A POINT OF AWARENESS - Preciosa S. Soliven - The Philippine Star

Children’s character defects acquired from birth to three years old can be cured during the following three to six-years-old in a good preschool when nature is still busy protecting the newly formed powers. If owing to negligence, wrong parental guidance or poor early schooling the defects are not corrected, not only do they remain, they get worse. This prevents the child from developing his moral awareness in elementary school or maximizing his intellectual capacity. By high school, his inferiority will cause other failures and possibly become a wastrel throughout life.

‘Becoming Duterte’ an in-depth interview by NYT

A week ago PhilStar reprinted a New York Times article “Becoming Duterte: The Making of a Phl Strongman.” It laid out specific events of his childhood up to adolescence that made his friends cultivate legends of his sadistic exploits. The oldest son of the provincial governor, he grew up in privilege. His mother wore out her horsewhip by subjecting him to beatings. As a teenager, he kept company with the toughest kids, getting into fights and learning rude expressions.
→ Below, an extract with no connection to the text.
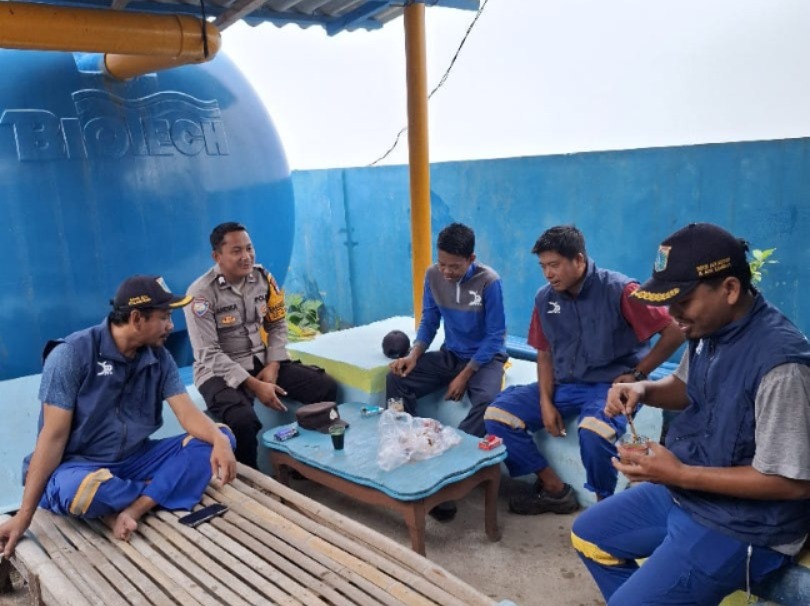 Bhabinkamtibmas Pulau Tidung Sambang Tokoh Masyarakat, Tekankan Sinergi Cegah Premanisme dan Judi Online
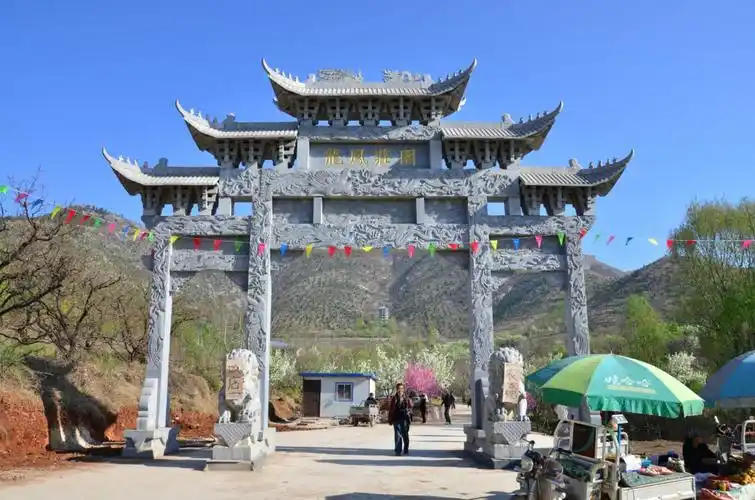 山水之间梨花开――遵化娘娘庄采风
By 15, he was carrying a gun and wounded a fellow student whom he accused of bullying him. By 17 he says he killed a man in a drunken brawl. Punished in school, he retaliated by spraying the cassock of a Jesuit priest with ink for which he got expelled. Constantly skipping classes, it took him seven years to finish high school. His daredevil instincts made him learn to pilot a plane, which in a solo flight brushed through the rooftop of their house and fell a treetop.  His sister, Jocelyn Duterte recalled that a car accident put him in coma for two days.

A 1998 psychological assessment of Duterte prepared for his marriage annulment concluded he had “narcissistic personality disorder” and a “pervasive tendency to demean, humiliate and violate other’s rights.” It remains a paradox that his ailing wife campaigned for his presidency. Duterte’s family, friends, allies and critics find him charming and engaging. As Davao mayor he was known for helping people and has a soft spot for children.
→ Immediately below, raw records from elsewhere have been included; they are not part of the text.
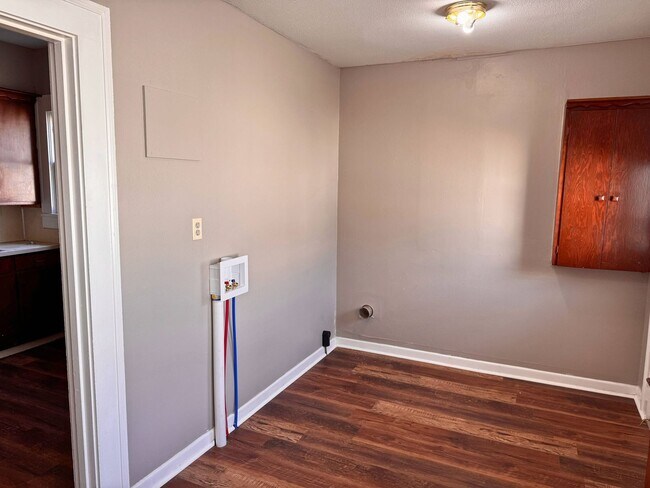 Building Photo - 1710 Monroe St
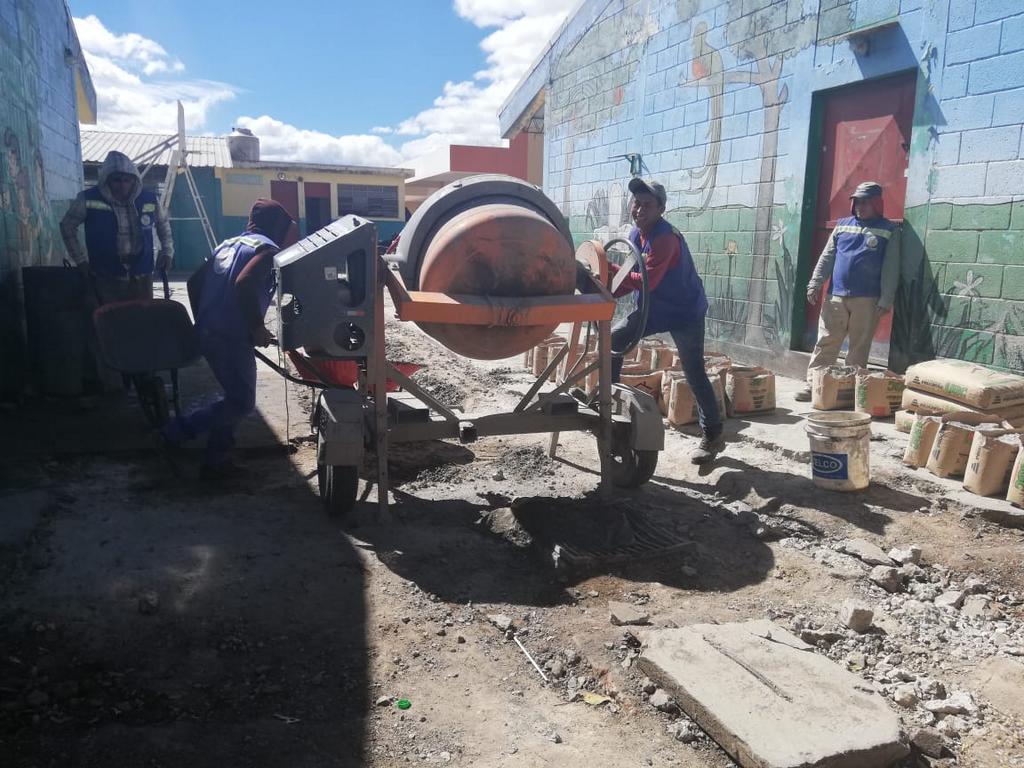 InfraVN's tweet photo. Fundición losa de concreto en patio de Escuela Villalobos I. https://t.co/19ZhAuPCf2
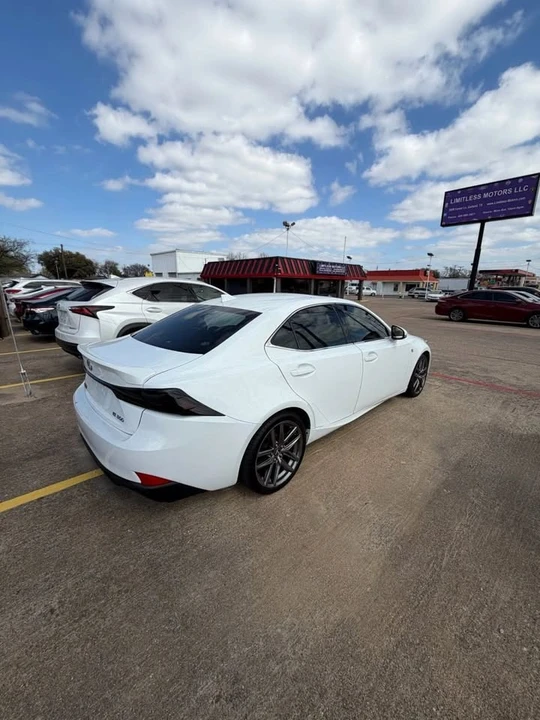 2018 Lexus IS 3rd Gen - Image 4 of 16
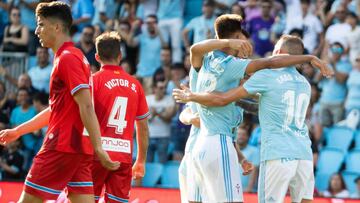 Brais Méndez y Iago Aspas se abrazan tras el gol del empate del Celta.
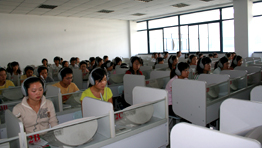 外语系学生在语音室上听力课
The normal and deviated children

According to Montessori, a growing child has two streams of energy, which must be balanced – the physical energy of the body and the mental energy of the intelligence. These streams must work in unison to make the complete man. If separated, we should expect to find deviations from the normal.

The ‘strong children’

Children’s defects are usually discussed one at a time with a view to counteracting each with a separate form of treatment. Numerous though they are, we can simplify them as defects of two types of children: the “strong” and the “weak.”

Strong children resist and overcome obstacles. They are capricious with tendencies to violence, fits of rage and aggression. They are disobedient with a “destructive instinct.” Possessive, they’re often selfish and envious (shown by grabbing other’s things). Unable to focus attention, they have difficulties coordinating their hands. Thus, they tend to break or drop objects. They have an exaggerated imagination. Genuinely noisy, they tend to shout and scream. They are often unkind to smaller children and animals. They also disturb and tease.
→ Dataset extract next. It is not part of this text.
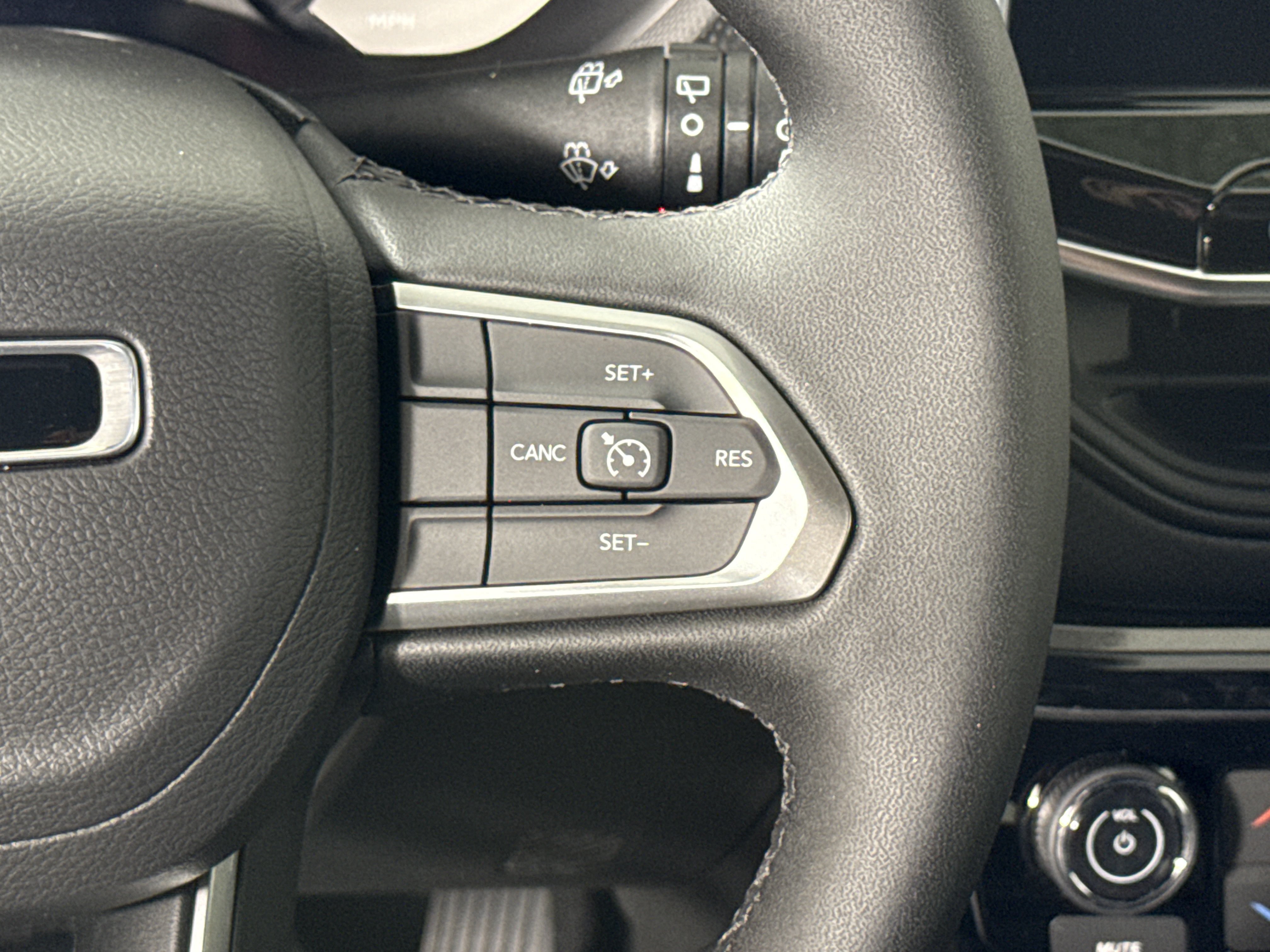New 2026 Jeep Compass Latitude AWD/4WD image 18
Home environment adverse to development conditions such personality defects. Strong children are not felt as blessings. Parents tend to get rid of them. They’re entrusted to baby sitters or sent to nursery schools. The parents wonder what to do. Often, they treat them severely. The defects become worse.

The ‘weak children’

 Weak children are passive by nature. They succumb to unfavorable conditions. They’re idle, cry for what they want or want others to wait on them. They are easily bored and always wish to be entertained. They cling to grown-ups for they find everything frightful. They are often lying (a passive form of defense) or steal things (another form of compensation) etc. They may refuse to eat or indulge in over-eating. Disturbed sleep, fear of their dad and others may cause their insomnia.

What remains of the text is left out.